I want to feel the pride and accomplishment of a new first - a new distance completed for the first time, or a PR at a race, or a new fastest split.

I want to feel the devastation. I want to sit down on the road side and cry because I don't think I can make it one more step. Then I want to get up, dust myself off, and run the 5 more miles anyway.

I know that I will never truly feel whole if I never again experience these things. And knowing that deep down, those feeling were there all along, brings me the biggest sigh of relief of all.

I guess I really am a runner after all.


  1. What timing!

    I have to make the decision to have a minor procedure done before or after my marathon. Am I crazy to put something off like that just to run 26.2 miles? As the doctor is talking, all I can think is, "how is this going to affect my training?" Is it dedication or have I gone off the deep end?

    Thanks for sharing your story - it hit a chord with me and I'm glad to know that I'm not alone.

  2. thanks for sharing! and by the way, thanks for the cd! jayhawk just sent it to me this weekend! it's great.

  3. You ARE a runner. It's in your blood. Take care of the ankle and you will out in no time.

  4. good to read you're getting out of a little funk.

    you may be surprised that i have latched onto your little blog for a bunch of inspiration.

    You are a runner to me, as someone who started in January, i don't have a lot of experience, but you definitely fit into my definition..

    too redundant there?

  5. I think we all feel those conflicting emotions regarding running (and probably a lot of other things in our lives as well). One important thing to remember is that running doesn't define who you are. It may be a big part of you, but it's not the definition of you. Realizing that usually helps me, because when I suck at running, I can still rest assured that I don't suck as a person.

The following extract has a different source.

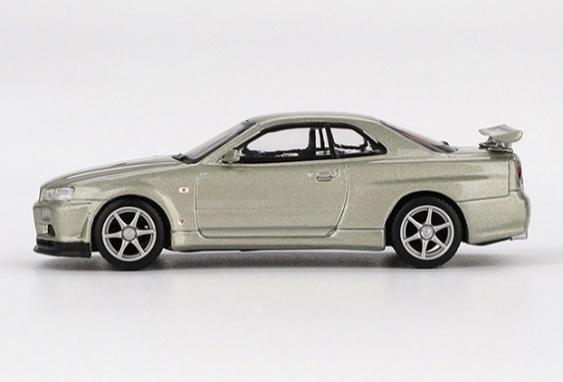 MINI GT MGT01003-R 1/64 Nissan スカイライン GT-R R34 Vスペック II Nür ミレニアムジェイド(右ハンドル)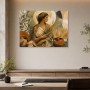 Antikes Frauenporträt als Kunstwerk oder Wandbild in warmen Naturtönen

  6. What an awesome post. You are defintely runner.

  7. Yep, you're definitely a runner. Know that you are not alone in those feelings. I've been there many times, but somehow always want to run again.

  8. I have been running for about 5 + years and I don't think I considered myself a runner until a couple of years ago, when I continued running the entire year without taking time off...but I don't think I realized what it is about running that really got me going -- yes, the accomplishments, of course, but they aren't always there the enjoy.

    Your blog entry struck a chord - it was the combination of ups and downs - persevering that has kept me going. If it was easy, I'd probably not do it...


  9. You run, are.


    How's that for a lil mid-day philosophical moment.

    Let's defunk ourselves. When you're ready, you pick a thon...and if I can swing it, I'm coming to cheer you on.

    Who would've thought that running could be such an emotional endeavor?

    Not me.

  10. nice post. Hit home for me as well. I hope all goes well with your running! I will be thinking of you!

  11. Thanks for the inspiring words.

  12. That was a wonderful post. Thanks for sharing!